Former House Speaker Dr Kendal Major.
By KHRISNA VIRGIL
Tribune Staff Reporter
HOUSE Speaker Dr Kendal Major moved to clarify comments he made last week in Parliament that insinuated that he wanted to be replaced, saying in that moment he had reached a point where enough was enough.
While admitting that his comments during the heated House session fuelled speculation that he was considering leaving the post, Dr Major said he will continue to serve and do his job, adding that in the future “. . .we will see what happens.”
He also responded to criticism of his recent ruling regarding Dr Andre Rollins from Deputy Prime Minister Philip “Brave” Davis and Minister of Labour Shane Gibson, saying the remarks were “unfortunate”, “inappropriate” and will bring “ill repute” to his dignity and post.
“My question in response would be, does the House have the confidence in the chair? Then the chair should be accorded every opportunity and respect to do its work.

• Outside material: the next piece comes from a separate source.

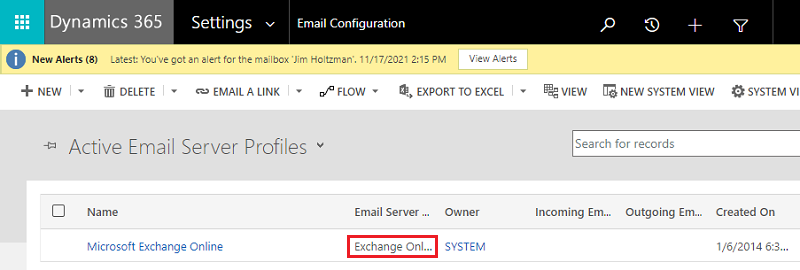 Параметры электронной почты, активный профиль сервера электронной почты — Exchange Online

That is how I would prefer to deal with it,” Dr Major said when contacted by The Tribune.
Asked if he believed that parliamentarians respected him as the Speaker, he said generally he thought so.
“I think overall the respect is there. However, you have watched and you see from time to time where, depending on where the decision falls, the chair is often challenged.

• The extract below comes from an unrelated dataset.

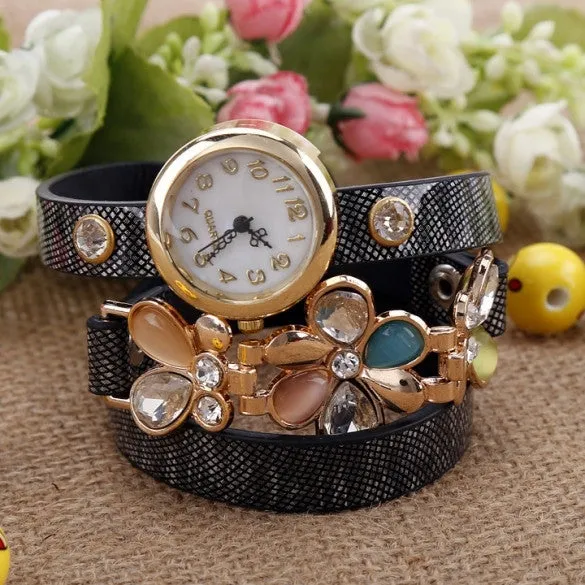 New Fashion Women's Flower Sling Chain Watch Wrap Circle Button Wristwatch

“The chair being challenged is one thing, but to publicly utter that the chair was wrong – it is unfortunate, inappropriate and it brings ill repute to the dignity of not only myself but the post of Speaker of the House.”
Concerning speculation that he was considering quitting as House Speaker, Dr Major said: “We all are subject to certain contextual situations and we all have a point in time when enough is enough. I will continue to my job and moving forward, we will see (what happens).”
This is the first time Dr Major has spoken publicly about the issue since he came under fire from senior MPs of his own party when he allowed Dr Rollins to make his budget contribution.
The drama began last Wednesday when Mr Davis put a vote to the floor to abruptly close the Budget debate. This would have cut off all possibility of Dr Rollins being able to make his contribution to the debate.
At first it appeared that Mr Davis was about to make a speech. Dr Rollins said he did not stand earlier because he did not want to disrespect the more senior member.
However, Mr Davis said he was not going to speak and that it was within his right to move for the vote to close the debate because “all of the minority members of the House of Assembly have spoken” and Dr Rollins had intentionally missed his opportunity to speak.
Dr Rollins then accused the government of attempting to stifle freedom of speech and said that they were all afraid of what he had to say.
After about 20 minutes of back and forth with several PLP MPs rising to their feet citing parliamentary rules to block Dr Rollins’ speech, Dr Major decided to take a recess to make a decision.
Nearly 30 minutes later, Dr Major allowed Dr Rollins to make his contribution saying, “his heart would not let him stop a member from speaking.”
During his speech, Dr Rollins attacked the government on many fronts, ending by quitting the governing party.
The next day, Mr Davis criticised Speaker Dr Major’s ruling telling reporters he hoped future Speakers would not follow the precedent that the Speaker had just set.
Mr Davis added that Dr Major had allowed his emotions to influence his decision rather than the rules of the House of Assembly. Labour and National Insurance Minister Shane Gibson has also said the Speaker was “obviously wrong” when he made the ruling.
Last week, Tall Pines MP Leslie Miller said he was worried that the Speaker was going to quit his post over the uproar in the House. He said during his 28-year political run, he had never seen so many attempts to undermine the Speaker or a Speaker hinting at the government possibly replacing him.